> _Problem requirements_
Scan the records below for the line with "Membrane anti-mauvaises herbes" and the line with "L-ARGININE 1000 Nutrex4", and retype that range exactly, both ends included, pictures excepted.

::::::::

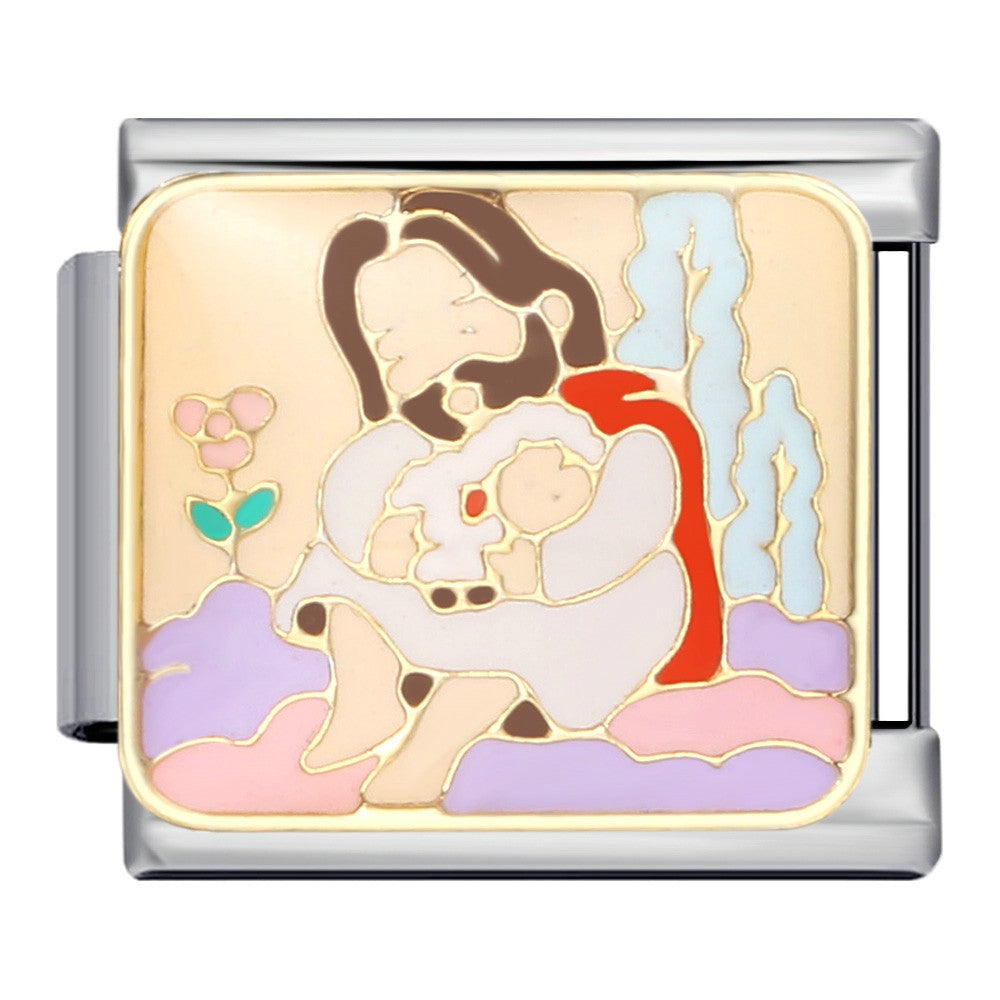 Wholesale Italian Charm Bracelet Cute cartoon character   Stainless Steel Composable Bracelet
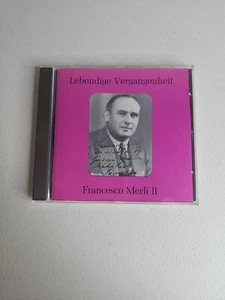 Opera CD Francesco Merli 2 Historic Recordings Lebendige Vergangenheit 89091 - Picture 1 of 3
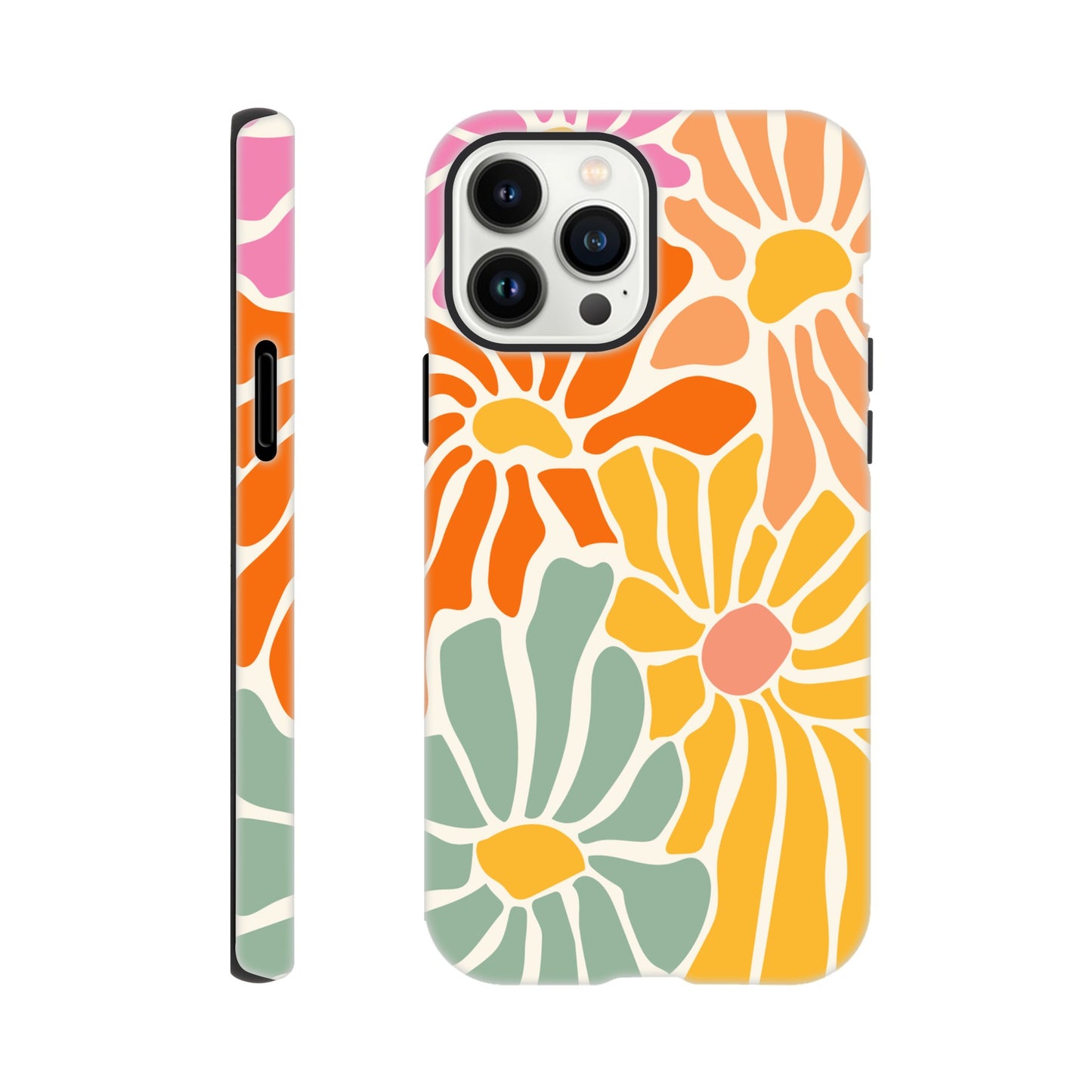 Retro Daisy | Tough Phone Case - iPhone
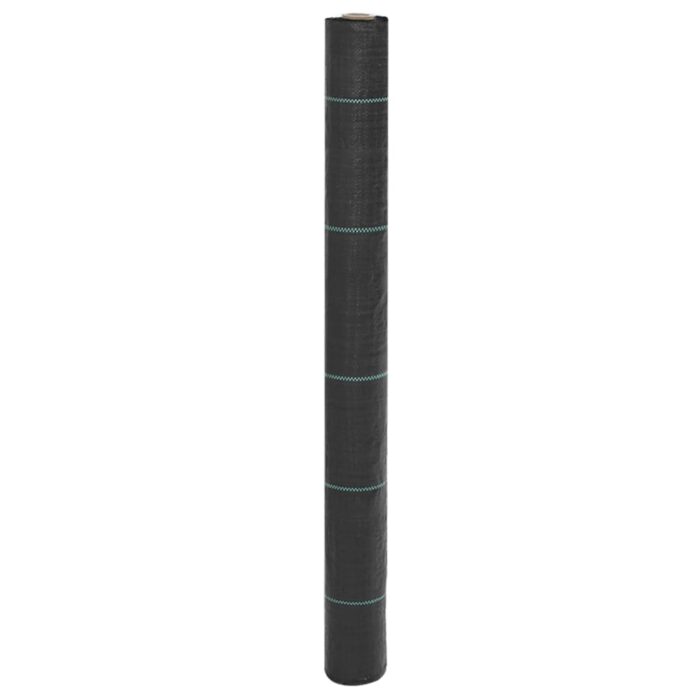 Membrane anti-mauvaises herbes noir 1x5 m PP – Image 1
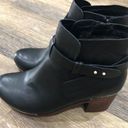 Kork-Ease Korks 9 Wedge Leather Platform Black Boots Ankle Booties  Brown Photo 2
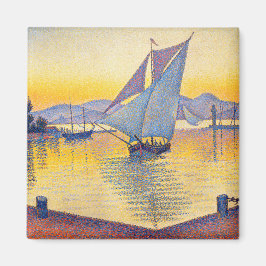 Paul Signac - De haven bij zonsondergang, Opus 236 Magneet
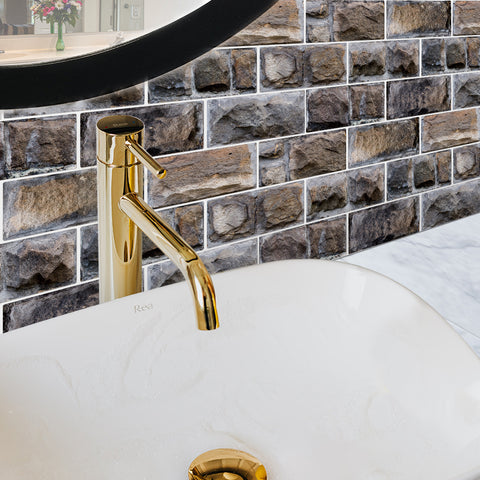 Dark Brown Splicing Marble Texture Floor Stickers Peel and Stick Dark Brown Splicing Marble Texture Floor Stickers Peel and Stick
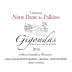Notre Dame des Pallieres Gigondas 2016 Front Label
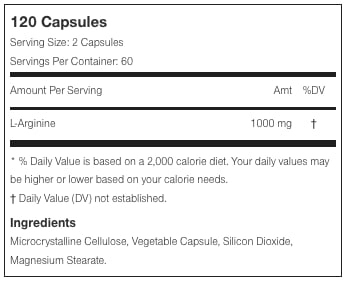 L-ARGININE 1000 Nutrex4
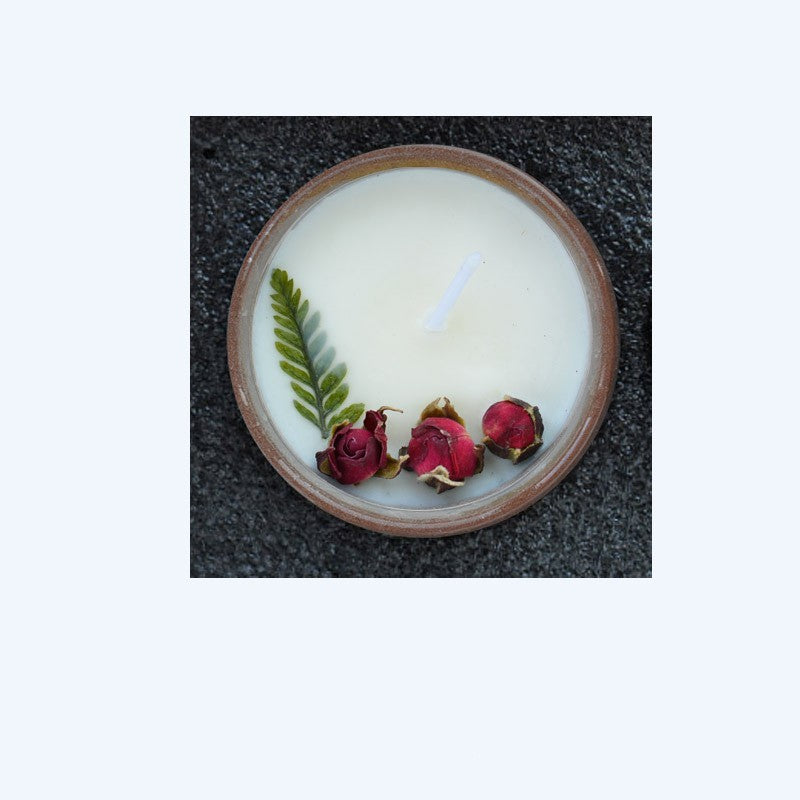 FloralCup Candle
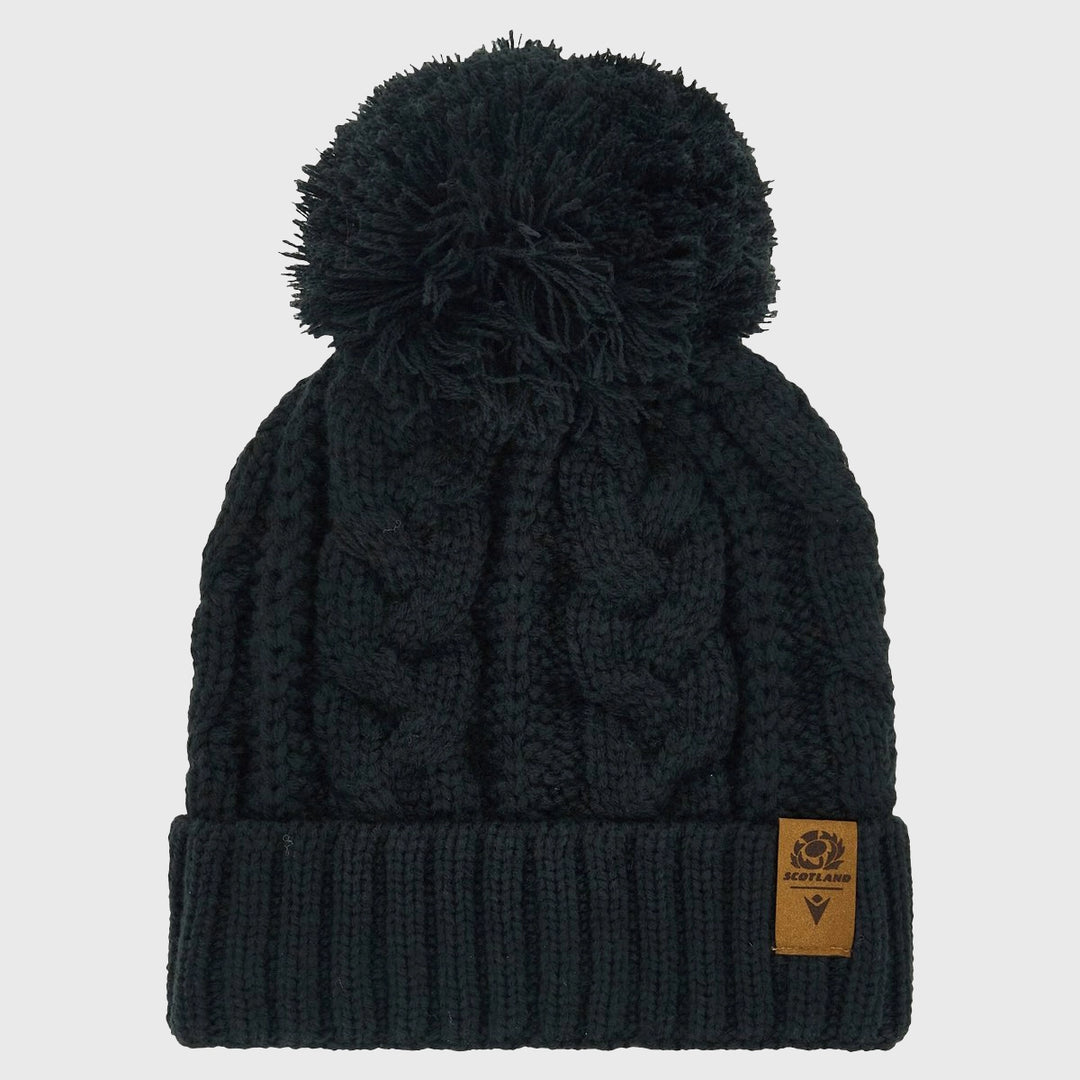 Macron Scotland Rugby Woven Bobble Beanie Hat - Rugbystuff.com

::::::::

> _Solution for this exercise_
 Membrane anti-mauvaises herbes noir 1x5 m PP – Image 1
 Kork-Ease Korks 9 Wedge Leather Platform Black Boots Ankle Booties  Brown Photo 2
 Paul Signac - De haven bij zonsondergang, Opus 236 Magneet
 Dark Brown Splicing Marble Texture Floor Stickers Peel and Stick Dark Brown Splicing Marble Texture Floor Stickers Peel and Stick
Notre Dame des Pallieres Gigondas 2016 Front Label
 L-ARGININE 1000 Nutrex4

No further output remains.